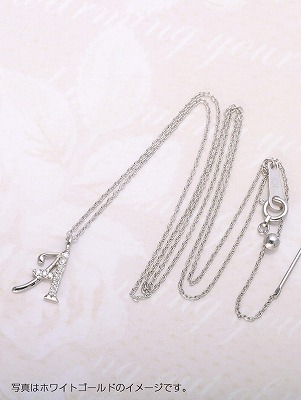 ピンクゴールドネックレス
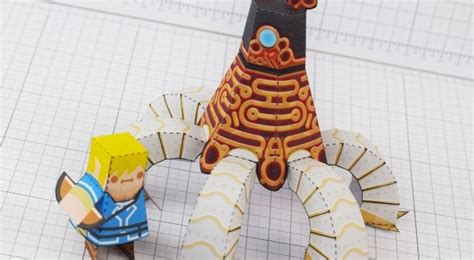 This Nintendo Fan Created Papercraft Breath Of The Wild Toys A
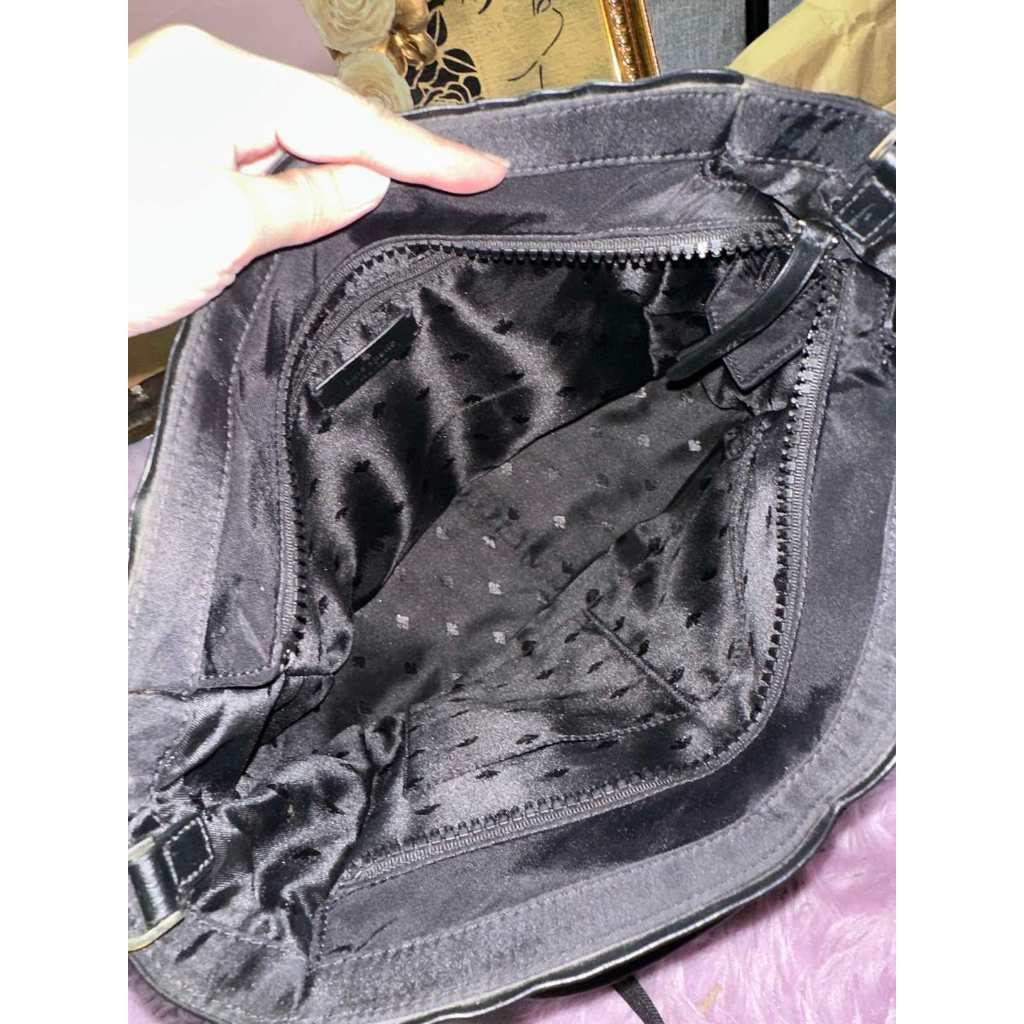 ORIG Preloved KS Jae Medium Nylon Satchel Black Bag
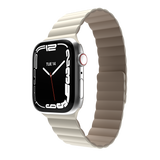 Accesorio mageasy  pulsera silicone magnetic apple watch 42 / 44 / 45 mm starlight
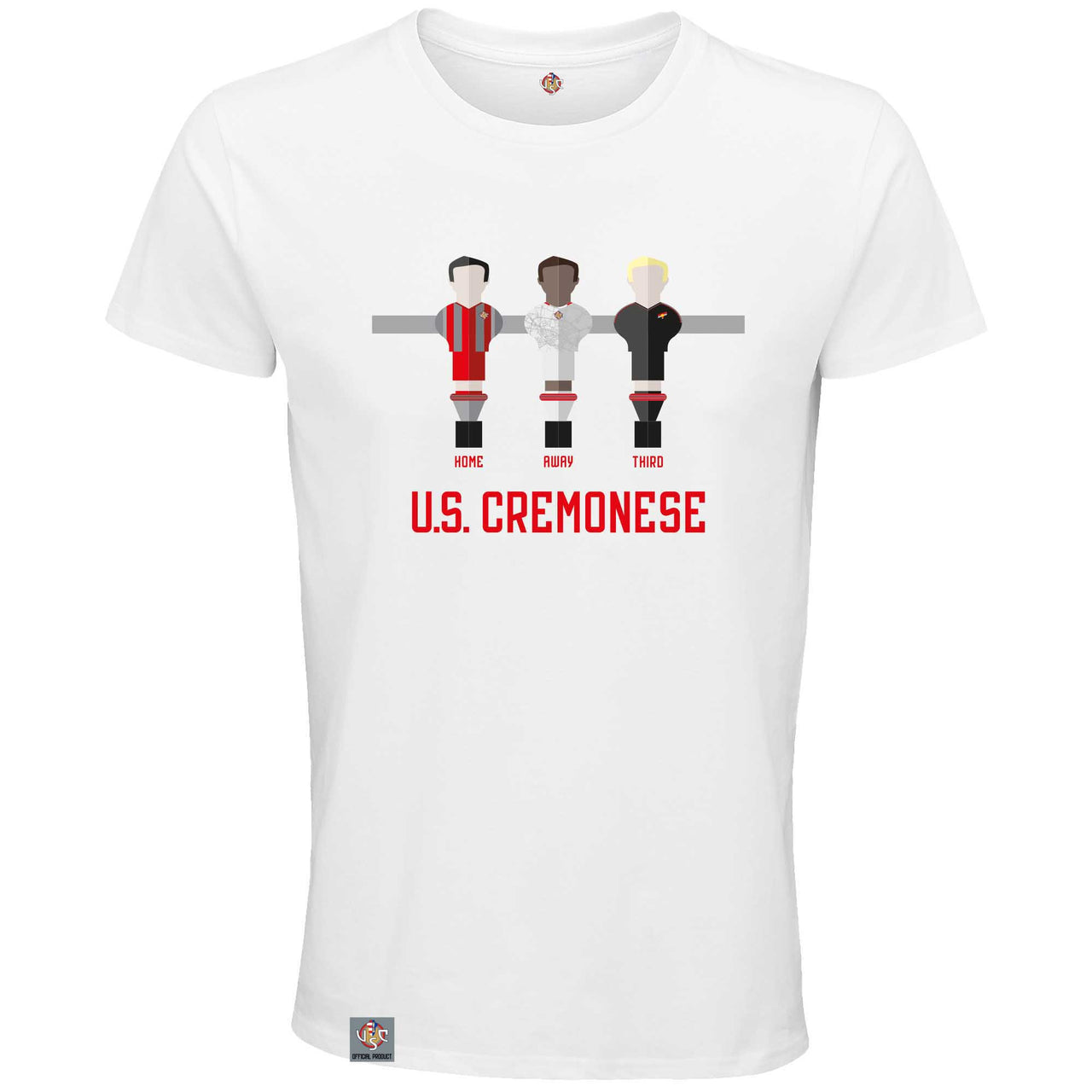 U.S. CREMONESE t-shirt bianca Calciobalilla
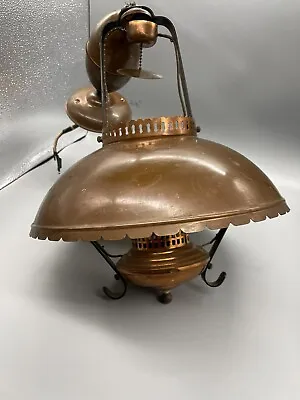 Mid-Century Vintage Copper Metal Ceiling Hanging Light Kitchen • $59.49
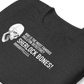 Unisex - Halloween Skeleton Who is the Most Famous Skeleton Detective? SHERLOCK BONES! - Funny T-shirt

+--

Instructions to follow
Return the entries verbatim without images.

Written response
 ピンクゴールドネックレス
 This Nintendo Fan Created Papercraft Breath Of The Wild Toys A
 ORIG Preloved KS Jae Medium Nylon Satchel Black Bag
 Accesorio mageasy  pulsera silicone magnetic apple watch 42 / 44 / 45 mm starlight
 U.S. CREMONESE t-shirt bianca Calciobalilla
 Mid-Century Vintage Copper Metal Ceiling Hanging Light Kitchen • $59.49
 Unisex - Halloween Skeleton Who is the Most Famous Skeleton Detective? SHERLOCK BONES! - Funny T-shirt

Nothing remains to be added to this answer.